Provided data
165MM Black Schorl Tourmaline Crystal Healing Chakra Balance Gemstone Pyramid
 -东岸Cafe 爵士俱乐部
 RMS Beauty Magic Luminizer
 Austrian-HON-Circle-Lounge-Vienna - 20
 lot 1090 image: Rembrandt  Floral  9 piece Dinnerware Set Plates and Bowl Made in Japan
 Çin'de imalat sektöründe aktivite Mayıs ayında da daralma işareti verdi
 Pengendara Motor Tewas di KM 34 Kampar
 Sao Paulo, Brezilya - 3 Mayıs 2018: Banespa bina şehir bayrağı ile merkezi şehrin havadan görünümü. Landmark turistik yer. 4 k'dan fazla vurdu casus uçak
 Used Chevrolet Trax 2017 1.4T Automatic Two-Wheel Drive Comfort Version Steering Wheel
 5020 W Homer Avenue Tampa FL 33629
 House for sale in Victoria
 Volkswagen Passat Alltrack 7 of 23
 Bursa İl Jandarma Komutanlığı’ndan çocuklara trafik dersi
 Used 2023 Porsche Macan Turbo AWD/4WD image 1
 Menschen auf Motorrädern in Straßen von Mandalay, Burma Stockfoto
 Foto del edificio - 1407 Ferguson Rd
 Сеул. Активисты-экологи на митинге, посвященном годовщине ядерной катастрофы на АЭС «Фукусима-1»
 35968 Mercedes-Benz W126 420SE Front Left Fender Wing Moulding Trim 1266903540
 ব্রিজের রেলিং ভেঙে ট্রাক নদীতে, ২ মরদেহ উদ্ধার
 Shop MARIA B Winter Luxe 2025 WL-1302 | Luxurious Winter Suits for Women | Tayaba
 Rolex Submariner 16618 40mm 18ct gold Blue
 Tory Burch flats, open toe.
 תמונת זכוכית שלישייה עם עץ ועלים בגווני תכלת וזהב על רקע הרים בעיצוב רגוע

What the task asks
Lines containing the word "Used" are to be located in the entries and copied.

Task result
 Used Chevrolet Trax 2017 1.4T Automatic Two-Wheel Drive Comfort Version Steering Wheel
 Used 2023 Porsche Macan Turbo AWD/4WD image 1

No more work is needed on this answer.